- [Work request]
Each line of the listing that includes the string "sale" is to be identified and copied.

- [Data shown]
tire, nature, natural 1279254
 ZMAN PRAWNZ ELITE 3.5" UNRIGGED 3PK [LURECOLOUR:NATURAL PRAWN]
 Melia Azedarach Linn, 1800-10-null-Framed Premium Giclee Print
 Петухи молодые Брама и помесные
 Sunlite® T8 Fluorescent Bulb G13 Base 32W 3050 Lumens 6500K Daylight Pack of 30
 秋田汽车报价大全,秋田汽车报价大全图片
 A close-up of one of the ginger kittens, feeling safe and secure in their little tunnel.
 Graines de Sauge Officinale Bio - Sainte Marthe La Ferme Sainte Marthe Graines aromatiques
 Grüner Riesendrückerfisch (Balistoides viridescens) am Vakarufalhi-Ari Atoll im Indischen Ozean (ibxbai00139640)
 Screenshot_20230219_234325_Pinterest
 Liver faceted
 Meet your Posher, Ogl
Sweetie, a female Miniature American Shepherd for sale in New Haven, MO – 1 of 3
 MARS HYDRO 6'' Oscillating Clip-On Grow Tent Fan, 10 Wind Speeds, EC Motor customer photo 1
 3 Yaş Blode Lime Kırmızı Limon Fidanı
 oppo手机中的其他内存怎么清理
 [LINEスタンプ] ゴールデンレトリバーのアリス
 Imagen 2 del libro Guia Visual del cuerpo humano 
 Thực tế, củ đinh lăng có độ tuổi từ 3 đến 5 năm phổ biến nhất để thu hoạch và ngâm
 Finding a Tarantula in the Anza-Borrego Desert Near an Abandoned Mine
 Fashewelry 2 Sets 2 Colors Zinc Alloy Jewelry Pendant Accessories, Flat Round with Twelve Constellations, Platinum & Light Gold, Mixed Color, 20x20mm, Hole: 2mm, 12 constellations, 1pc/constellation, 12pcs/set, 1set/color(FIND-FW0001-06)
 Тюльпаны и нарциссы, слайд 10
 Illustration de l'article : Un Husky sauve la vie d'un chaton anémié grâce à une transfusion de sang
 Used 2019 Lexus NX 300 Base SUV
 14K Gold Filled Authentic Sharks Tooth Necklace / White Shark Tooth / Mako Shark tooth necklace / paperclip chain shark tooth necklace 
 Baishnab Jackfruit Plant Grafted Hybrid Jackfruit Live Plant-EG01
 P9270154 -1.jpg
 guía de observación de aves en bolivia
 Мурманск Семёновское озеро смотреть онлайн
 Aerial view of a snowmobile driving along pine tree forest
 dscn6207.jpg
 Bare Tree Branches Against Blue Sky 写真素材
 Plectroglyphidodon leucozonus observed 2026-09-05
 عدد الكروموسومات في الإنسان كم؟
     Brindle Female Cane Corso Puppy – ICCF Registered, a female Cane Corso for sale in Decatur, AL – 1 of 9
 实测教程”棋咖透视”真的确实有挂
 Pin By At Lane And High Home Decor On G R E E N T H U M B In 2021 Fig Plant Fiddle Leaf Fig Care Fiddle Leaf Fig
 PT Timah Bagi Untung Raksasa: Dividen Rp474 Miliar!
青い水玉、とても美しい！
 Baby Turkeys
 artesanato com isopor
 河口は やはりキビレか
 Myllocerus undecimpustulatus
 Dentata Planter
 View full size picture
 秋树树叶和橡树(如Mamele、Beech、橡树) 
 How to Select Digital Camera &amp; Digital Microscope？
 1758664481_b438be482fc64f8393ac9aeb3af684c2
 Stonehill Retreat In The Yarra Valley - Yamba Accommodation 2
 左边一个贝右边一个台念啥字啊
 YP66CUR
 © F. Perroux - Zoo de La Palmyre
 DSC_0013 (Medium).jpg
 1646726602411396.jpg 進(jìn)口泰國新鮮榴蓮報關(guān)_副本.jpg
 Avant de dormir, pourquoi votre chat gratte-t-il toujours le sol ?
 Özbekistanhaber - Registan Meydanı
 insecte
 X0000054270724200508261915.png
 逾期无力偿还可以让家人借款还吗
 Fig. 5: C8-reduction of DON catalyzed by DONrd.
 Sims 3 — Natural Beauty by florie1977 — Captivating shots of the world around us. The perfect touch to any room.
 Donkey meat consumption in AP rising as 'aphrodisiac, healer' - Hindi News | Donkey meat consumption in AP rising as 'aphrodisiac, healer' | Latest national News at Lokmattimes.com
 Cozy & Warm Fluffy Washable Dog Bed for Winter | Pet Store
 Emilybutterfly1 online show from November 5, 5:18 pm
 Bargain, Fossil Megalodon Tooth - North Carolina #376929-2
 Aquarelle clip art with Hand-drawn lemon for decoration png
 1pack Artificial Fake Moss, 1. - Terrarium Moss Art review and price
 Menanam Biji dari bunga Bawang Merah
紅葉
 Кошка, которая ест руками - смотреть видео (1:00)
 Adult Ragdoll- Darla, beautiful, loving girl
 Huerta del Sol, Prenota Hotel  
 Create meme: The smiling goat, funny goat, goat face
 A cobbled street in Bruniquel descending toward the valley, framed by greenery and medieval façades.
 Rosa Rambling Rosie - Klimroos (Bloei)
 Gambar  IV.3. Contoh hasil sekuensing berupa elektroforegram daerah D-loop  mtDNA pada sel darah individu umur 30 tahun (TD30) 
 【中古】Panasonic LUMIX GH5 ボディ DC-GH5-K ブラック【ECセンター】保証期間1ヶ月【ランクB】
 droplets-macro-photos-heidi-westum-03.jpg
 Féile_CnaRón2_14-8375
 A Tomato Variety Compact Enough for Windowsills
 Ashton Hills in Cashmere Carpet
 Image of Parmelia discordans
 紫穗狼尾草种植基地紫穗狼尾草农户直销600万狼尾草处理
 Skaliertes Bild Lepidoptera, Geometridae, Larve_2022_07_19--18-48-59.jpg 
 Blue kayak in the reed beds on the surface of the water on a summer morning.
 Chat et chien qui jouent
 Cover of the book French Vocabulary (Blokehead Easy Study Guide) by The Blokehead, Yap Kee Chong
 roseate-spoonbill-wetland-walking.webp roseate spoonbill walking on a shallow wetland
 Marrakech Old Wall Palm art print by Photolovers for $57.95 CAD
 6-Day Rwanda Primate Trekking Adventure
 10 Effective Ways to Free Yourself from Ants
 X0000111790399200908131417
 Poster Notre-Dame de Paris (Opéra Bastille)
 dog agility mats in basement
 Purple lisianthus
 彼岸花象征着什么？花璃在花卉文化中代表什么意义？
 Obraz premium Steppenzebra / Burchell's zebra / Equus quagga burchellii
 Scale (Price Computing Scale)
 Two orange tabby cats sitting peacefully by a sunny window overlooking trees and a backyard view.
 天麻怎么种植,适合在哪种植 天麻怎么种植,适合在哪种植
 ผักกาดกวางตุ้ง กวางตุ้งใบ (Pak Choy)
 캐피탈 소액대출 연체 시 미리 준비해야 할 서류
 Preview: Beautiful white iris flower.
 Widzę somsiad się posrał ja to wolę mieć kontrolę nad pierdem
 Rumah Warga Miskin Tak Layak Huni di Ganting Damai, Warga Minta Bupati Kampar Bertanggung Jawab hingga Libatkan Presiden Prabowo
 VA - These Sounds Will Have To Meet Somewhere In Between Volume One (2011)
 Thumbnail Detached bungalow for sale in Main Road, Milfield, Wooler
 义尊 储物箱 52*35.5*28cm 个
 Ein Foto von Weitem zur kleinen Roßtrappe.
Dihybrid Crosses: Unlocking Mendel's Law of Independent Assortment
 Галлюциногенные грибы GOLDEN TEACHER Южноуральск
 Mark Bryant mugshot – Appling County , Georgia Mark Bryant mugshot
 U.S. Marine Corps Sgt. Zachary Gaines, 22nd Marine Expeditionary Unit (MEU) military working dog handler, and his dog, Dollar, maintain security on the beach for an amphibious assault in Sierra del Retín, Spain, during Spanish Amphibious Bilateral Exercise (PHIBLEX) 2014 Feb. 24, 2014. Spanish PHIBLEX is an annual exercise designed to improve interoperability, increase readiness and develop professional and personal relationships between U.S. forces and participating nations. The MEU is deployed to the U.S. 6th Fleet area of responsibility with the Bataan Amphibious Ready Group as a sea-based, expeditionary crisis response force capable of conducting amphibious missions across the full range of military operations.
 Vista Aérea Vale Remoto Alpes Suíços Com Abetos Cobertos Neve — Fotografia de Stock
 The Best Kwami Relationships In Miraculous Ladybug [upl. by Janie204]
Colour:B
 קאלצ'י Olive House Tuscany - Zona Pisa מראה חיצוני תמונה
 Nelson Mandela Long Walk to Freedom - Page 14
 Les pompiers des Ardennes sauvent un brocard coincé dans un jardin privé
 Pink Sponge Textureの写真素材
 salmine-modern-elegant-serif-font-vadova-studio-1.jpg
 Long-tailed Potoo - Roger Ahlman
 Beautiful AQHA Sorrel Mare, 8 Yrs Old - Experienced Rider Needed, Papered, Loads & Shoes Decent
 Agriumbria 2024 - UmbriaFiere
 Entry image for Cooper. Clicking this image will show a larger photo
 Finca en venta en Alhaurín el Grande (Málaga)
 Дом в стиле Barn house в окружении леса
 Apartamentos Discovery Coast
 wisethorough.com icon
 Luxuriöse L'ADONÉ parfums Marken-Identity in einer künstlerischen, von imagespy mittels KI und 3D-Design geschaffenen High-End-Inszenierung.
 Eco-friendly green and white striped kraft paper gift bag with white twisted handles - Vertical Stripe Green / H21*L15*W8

- [Response to this task]
Sweetie, a female Miniature American Shepherd for sale in New Haven, MO – 1 of 3
     Brindle Female Cane Corso Puppy – ICCF Registered, a female Cane Corso for sale in Decatur, AL – 1 of 9
 Thumbnail Detached bungalow for sale in Main Road, Milfield, Wooler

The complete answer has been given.